The Securities and Exchange Commission on Wednesday voted unanimously to adopt rulesthat will require company directors and officers to wait at least 90 days between when they schedule a trade and sell their shares, about a month less than initially proposed. Companies also will have to report on their executives’ use of trading plans in quarterly reports.
The rules, if properly followed, give executives a defense against insider trading cases brought by the SEC. The existing regulations from 2000 don’t mandate waiting periods, which can allow company officials to sell stock around the time of big company news as long as they’ve set up a trading plan ahead of time. The new rules are intended to prevent unethical executives looking to cash in on confidential, market-moving information, SEC Chair Gary Gensler said at a meeting to consider the regulations.
“It’s a matter of fair competition and trust in our capital markets,” Gensler said.
The SEC changed the roughly four-month waiting period after reviewing public feedback on its initial plans, Gensler said.
The cooling-off period is now about three months, or two days after a company releases its financial statements, whichever is longer. But it cannot exceed 120 days. Company employees who aren’t directors or officers and have trading plans would only have to wait 30 days between when they schedule a trade and sell their shares, according to the new rules.
The updates to Rule 10b5-1 follow years of news reports and academic research about company officials’ suspiciously well-timed trades. Scheduled stock sales using so-called 10b5-1 plans are common, but executives’ cooling-off periods vary. Company officials waited between two and three months on average to trade, with some making sales within 30 days of enacting a 10b5-1 plan, according to a 2021 study by Stanford University professor David Larcker, University of Pennsylvania professor Daniel Taylor and other academics.
The Council of Institutional Investors, which represents state pension funds, first petitioned the SEC to tighten Rule 10b5-1 in 2012, asking for a multi-month cooling-off period and more disclosures. Similar calls by Sen. Elizabeth Warren (D-Mass.) and the SEC’s Investor Advisory Committee followed.

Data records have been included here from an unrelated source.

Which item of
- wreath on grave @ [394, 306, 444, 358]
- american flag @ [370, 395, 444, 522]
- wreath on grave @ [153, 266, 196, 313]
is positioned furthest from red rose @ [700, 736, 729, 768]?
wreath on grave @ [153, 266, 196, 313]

But companies have defended the 22-year old regulations as strong enough to prohibit the misuse of 10b5-1 plans. Executives must have plans that are made “in good faith and not as part of a plan or scheme to evade the prohibitions” against insider trading, according to the 2000 rules. The regulations are intended to help executives—whose compensation is often tied up in company shares—generate income without facing insider trading accusations, even if they frequently have access to market-moving information that isn’t public.
The US Chamber of Commerce sought a 30-day cooling-off period, which it told the SEC earlier this year was “market practice.” The normal cadence of the corporate calendar can explain what appear to be advantageously timed trades, according to the Chamber.

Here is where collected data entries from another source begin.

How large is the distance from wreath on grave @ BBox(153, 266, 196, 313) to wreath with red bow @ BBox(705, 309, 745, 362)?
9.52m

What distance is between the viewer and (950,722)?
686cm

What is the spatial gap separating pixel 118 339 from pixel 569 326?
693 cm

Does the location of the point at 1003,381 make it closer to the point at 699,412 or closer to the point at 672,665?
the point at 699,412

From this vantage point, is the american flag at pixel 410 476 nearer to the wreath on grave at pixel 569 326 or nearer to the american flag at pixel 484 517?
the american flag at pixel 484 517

The final rules are more restrictive than need be, Republican SEC Commissioner Hester Peirce said at the meeting. But addressing concerns about gaps in the old rules was important, she said.
“I support it for likely doing more good than bad,” Peirce said. “It should help insiders to trade without fear of liability, while making it more difficult to misuse 10b5-1 plans.”
Trading Plan Access
The new rules came after updated regulations in June that made it easier for the public to see executives’ trading plans. The SEC started requiring executives planning to sell company stock to put information about their trading plans into the agency’s EDGAR public corporate filings database, eliminating the option to mail it in.
An executive must submit the details when they intend to sell at least $50,000 of stock in a three-month period. The information appears in what’s called a Form 144, which has information about the adoption or modification of trading plans.
Only 234 of the roughly 30,000 Form 144 filings the SEC received last year were submitted electronically through EDGAR, according to the agency.